This study will be a pilot, randomized, double-blind, two-arm, placebo-controlled, parallel-group, multicenter clinical trial. Women aged 19–59 years who present with CHHF will be recruited from five university hospitals. A total of 60 subjects will be randomly assigned to a treatment group (SDT) or a placebo group at a 1:1 ratio. The subjects will receive 3 g of either SDT or placebo three times daily for 8 weeks.

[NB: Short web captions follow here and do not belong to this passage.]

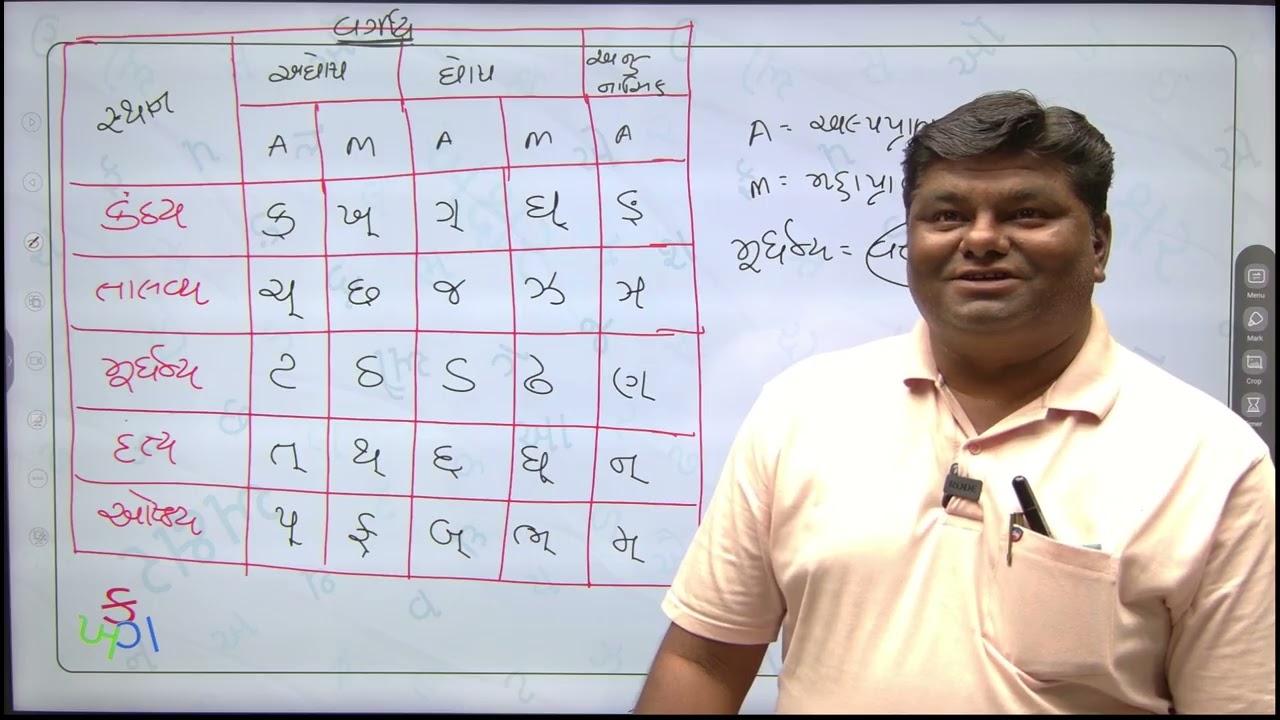 VARN VYAVASTHA | 07/03/2026 | 4:00 pm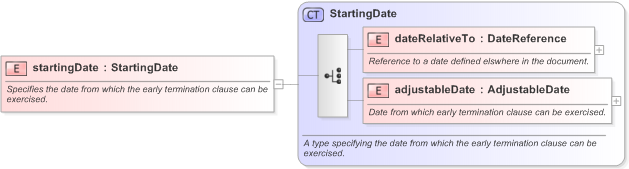 XSD Diagram of startingDate in schema fpml-eq-shared-5-9_xsd (Financial products Markup Language (FpML®) - Confirmation)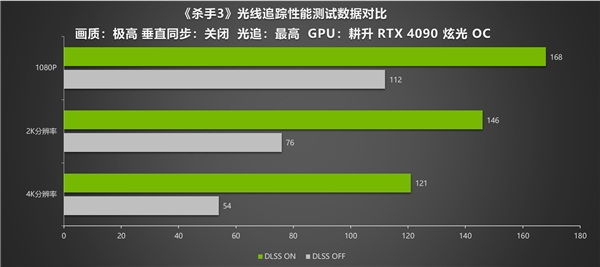 耕升RTX 4090炫光OC 4K光追画面惊艳 DLSS 2 性能依然优秀 - 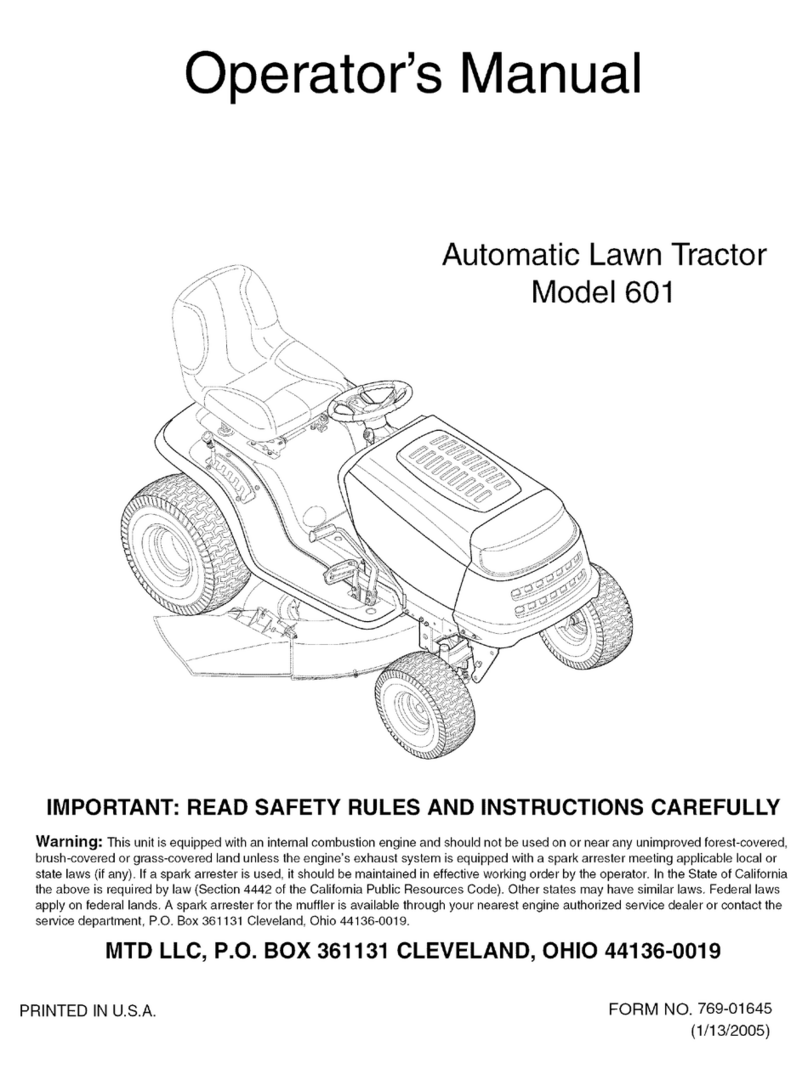 MTD 601 Series User manual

The primary outcome measures will be the Visual Analogue Scale scores of CHHF. The secondary outcome measures will be changes in body temperature in both the hands and the feet as measured using a thermometer and the Korean version of the World Health Organization Quality of Life Scale Abbreviated Version.
This will be the first trial to investigate the efficacy and safety of SDT in the treatment of CHHF. This study will provide basic clinical information regarding Korean herbal medicine treatment of CHHF and a clinical basis for designing a full randomized clinical trial.
ClinicalTrials.gov, NCT03374345. Registered on 15 February 2018.
Cold hypersensitivity in the hands and feet (CHHF) is defined as a condition in which patients experience the sense of coldness in the hands and feet to a greater extent than do unaffected people in any environment, with worsening symptoms at lower temperatures . Cold hypersensitivity is frequent in Asians, particularly among females. The ratio of females to males is about 3:2. . Severely affected persons may feel uncomfortable when working with their hands, and the quality of life can deteriorate due to the discomfort of wearing socks or gloves in hot weather .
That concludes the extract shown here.